TBPTT: [0.003085378324612975, 0.004979943856596947]

Comparison¶

Compare the final validation metrics for both approaches.

In [10]:

Copied!

print(f"Standard (full BPTT):  {lrn_standard.validate()}")
print(f"Stateful (TBPTT):      {lrn_tbptt.validate()}")
print(f"Standard (full BPTT):  {lrn_standard.validate()}")
print(f"Stateful (TBPTT):      {lrn_tbptt.validate()}")

Standard (full BPTT):  [0.0029233989771455526, 0.009546232409775257]

Stateful (TBPTT):      [0.003085378324612975, 0.004979943856596947]

TBPTT may have slightly different loss because gradients are truncated at sub-window boundaries. However, performance should be comparable. The key advantage is memory efficiency -- TBPTT can handle sequences that would cause out-of-memory errors with standard training.

When to Use TBPTT¶

TBPTT is most useful when:

Sequences are very long (thousands of timesteps or more) and full backpropagation would exhaust GPU memory.
GPU memory is limited and you need to keep memory usage bounded.
The system has long-range dependencies that benefit from a large win_sz, but you cannot afford to backpropagate through the entire window.

For short sequences (under ~1000 timesteps), standard training is simpler and usually sufficient. The overhead of managing sub-windows and stateful hidden state is not worth the complexity for sequences that already fit in memory.

Key Takeaways¶

TBPTT splits long sequences into sub-windows with the sub_seq_len parameter on create_dls_silverbox (or any create_dls variant).
sub_seq_len in RNNLearner enables TBPTT and makes the RNN carry its hidden state across sub-windows instead of resetting to zero each time.
TbpttResetCB resets hidden state at sequence boundaries so different training samples do not bleed into each other.
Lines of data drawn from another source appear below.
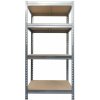 Majster Regál Kovové regály BULLRACK RIVET PRO 200x120x60 DTD drevotrieska 4 úrovne pozinkovaná, Zinok Majster Regál Kovové regály BULLRACK RIVET PRO 200x120x60 DTD drevotrieska 4 úrovne pozinkovaná, Zinok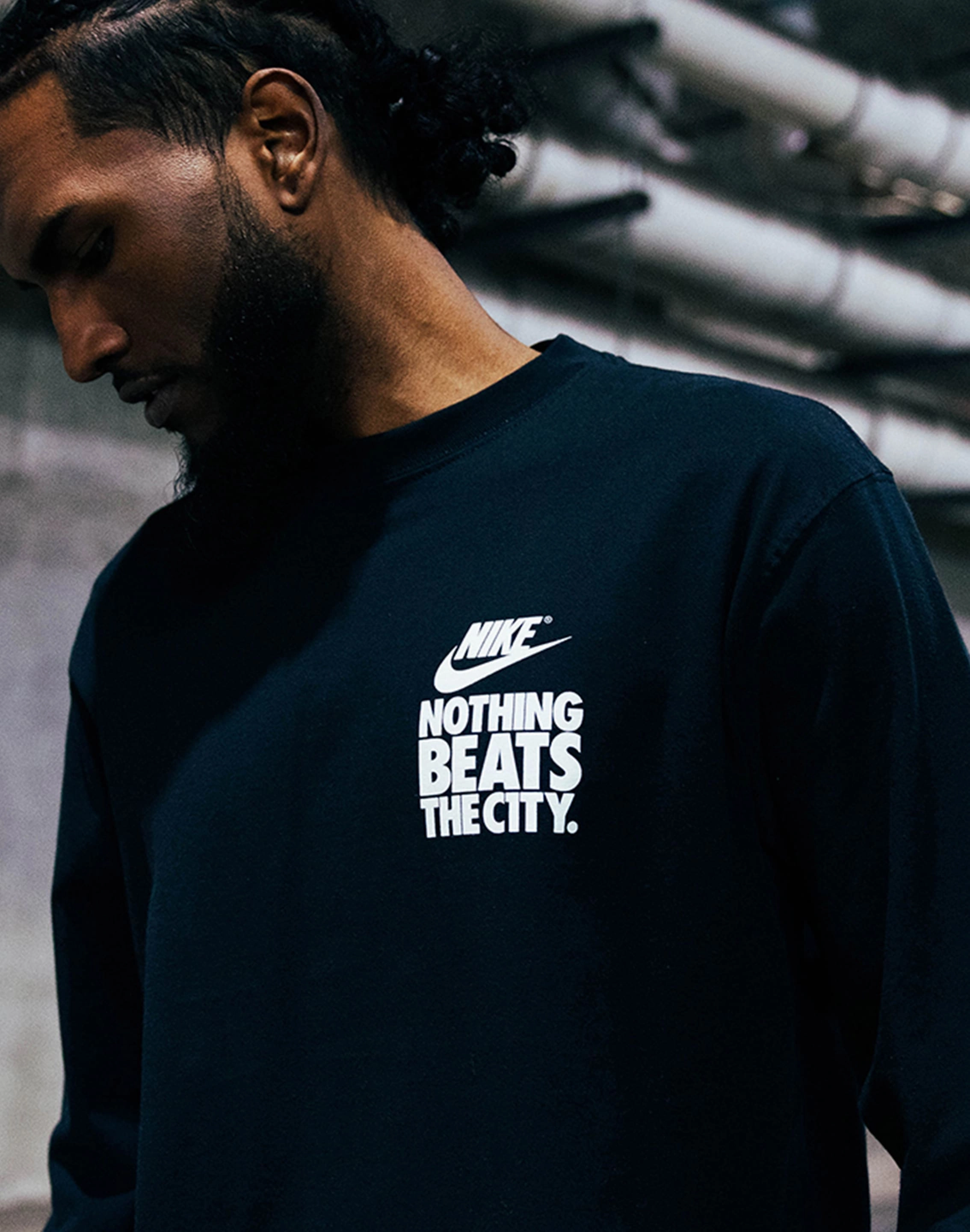 Fashion forecasting Nike Max90 City Long-Sleeve Tee Party wear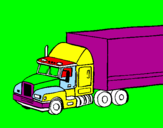 Desenho Camião trailer pintado por vitorio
It is added automatically when sub_seq_len is set.
Gradients are truncated to sub_seq_len timesteps, bounding memory usage regardless of the full sequence length.
Hidden state spans the full sequence, preserving long-range information even though gradients are truncated.
Use TBPTT when sequences are too long for standard backpropagation to fit in GPU memory.